======== Source material ========

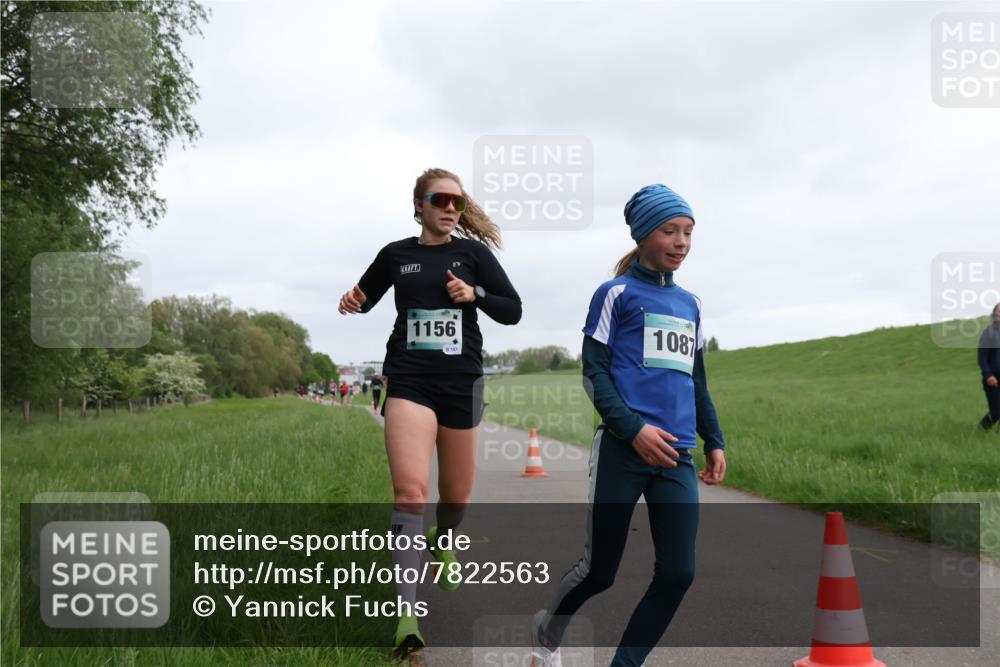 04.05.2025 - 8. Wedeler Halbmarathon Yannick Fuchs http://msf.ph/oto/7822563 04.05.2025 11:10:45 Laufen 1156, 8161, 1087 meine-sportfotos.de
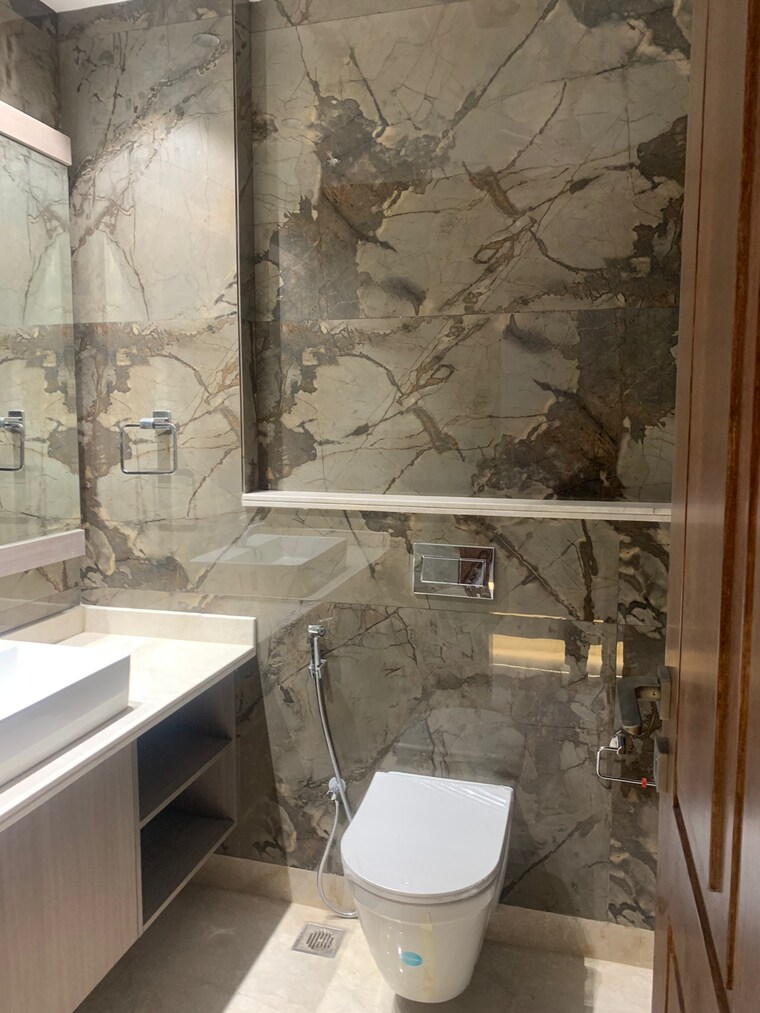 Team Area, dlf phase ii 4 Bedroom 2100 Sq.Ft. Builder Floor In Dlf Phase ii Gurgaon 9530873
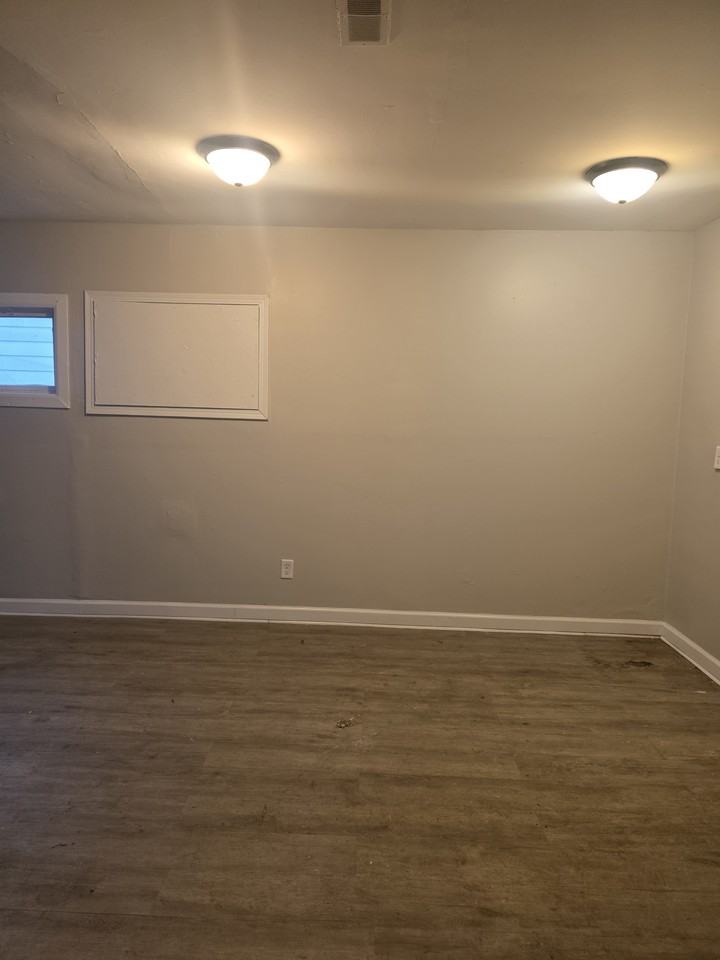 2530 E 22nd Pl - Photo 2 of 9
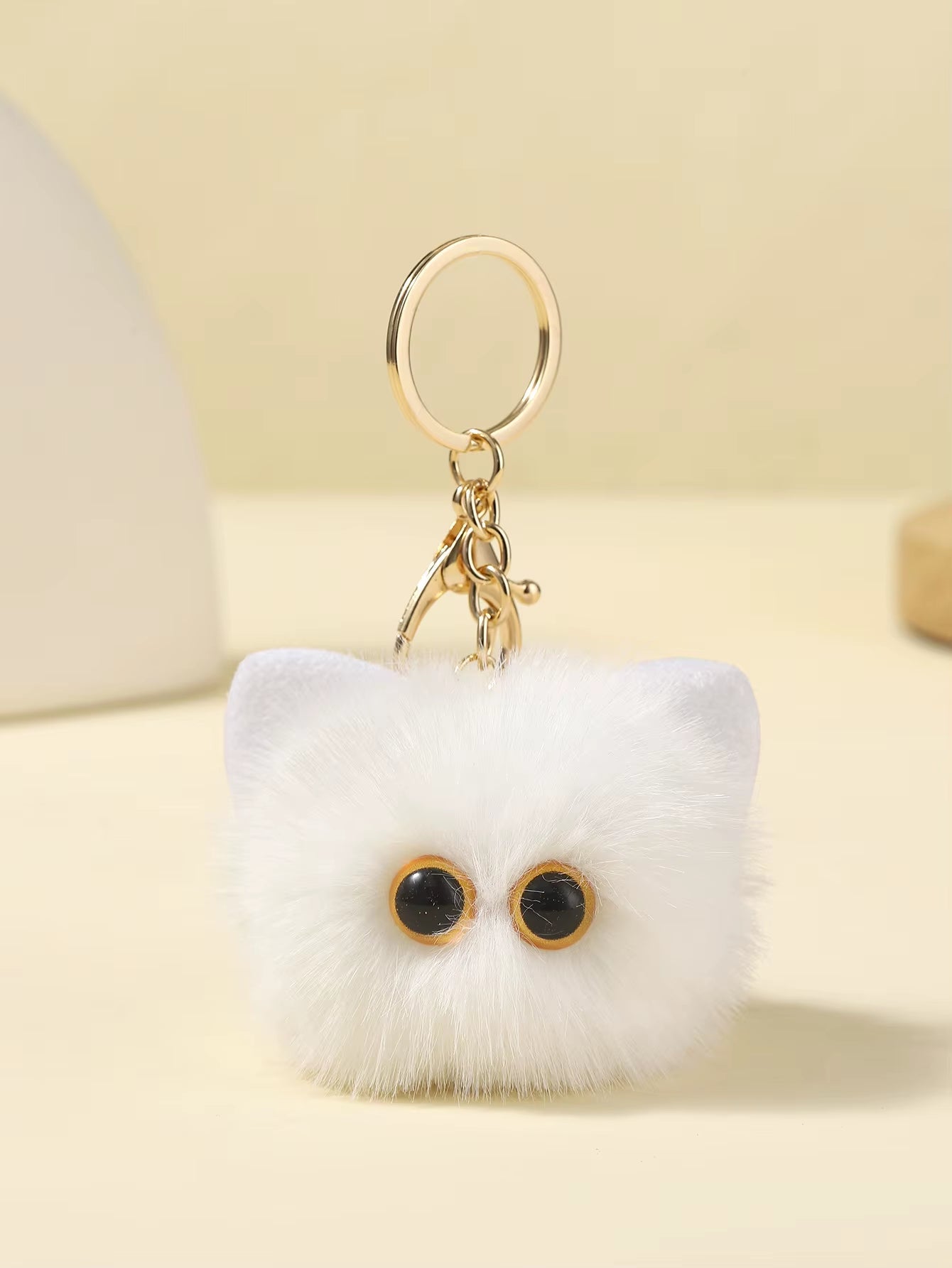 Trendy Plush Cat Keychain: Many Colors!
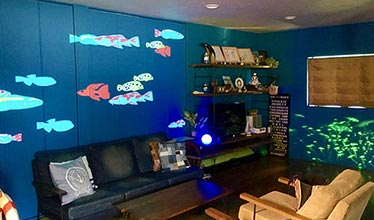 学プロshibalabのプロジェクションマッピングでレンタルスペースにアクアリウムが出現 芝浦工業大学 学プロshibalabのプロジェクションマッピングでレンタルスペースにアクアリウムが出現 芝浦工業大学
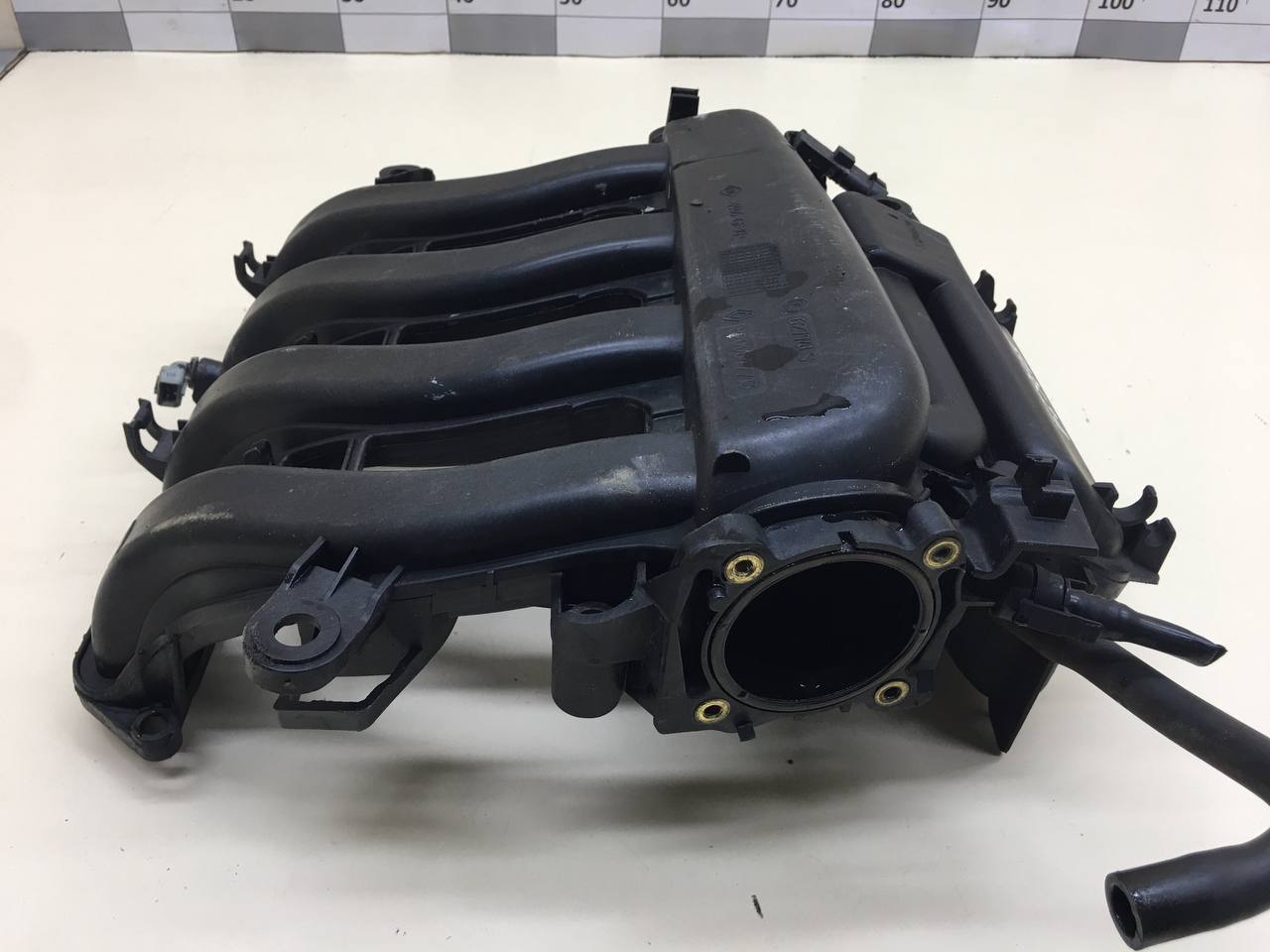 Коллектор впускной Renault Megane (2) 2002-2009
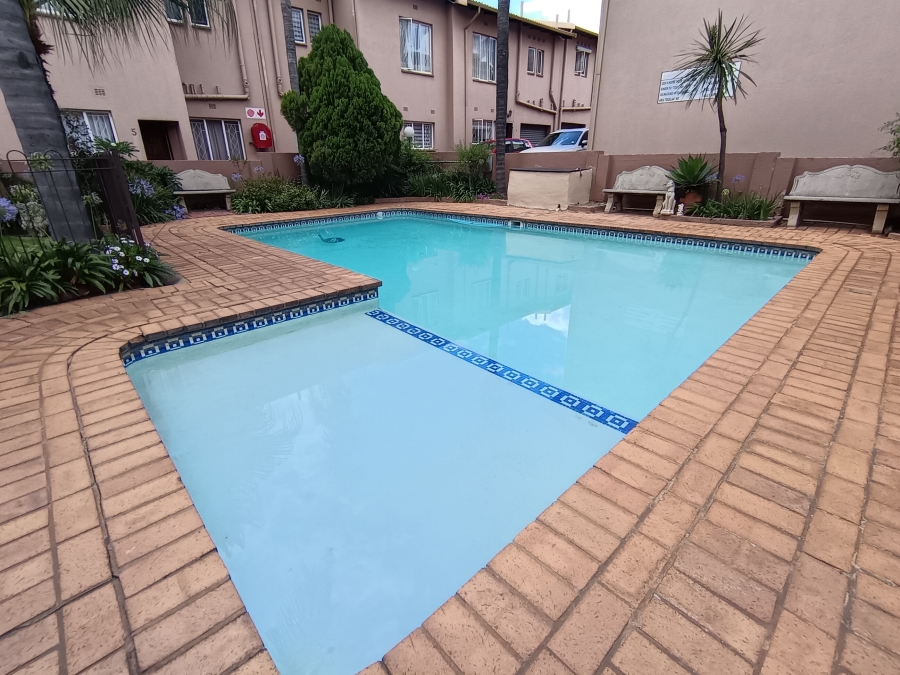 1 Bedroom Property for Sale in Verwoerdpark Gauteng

========

*Instructions to follow*. Beginning with the first entry above, reproduce every line verbatim until the line with "Trendy Plush Cat Keychain: Many Colors!", which is included too; omit pictures.

*Response box*.
 04.05.2025 - 8. Wedeler Halbmarathon Yannick Fuchs http://msf.ph/oto/7822563 04.05.2025 11:10:45 Laufen 1156, 8161, 1087 meine-sportfotos.de
 Team Area, dlf phase ii 4 Bedroom 2100 Sq.Ft. Builder Floor In Dlf Phase ii Gurgaon 9530873
 2530 E 22nd Pl - Photo 2 of 9
 Trendy Plush Cat Keychain: Many Colors!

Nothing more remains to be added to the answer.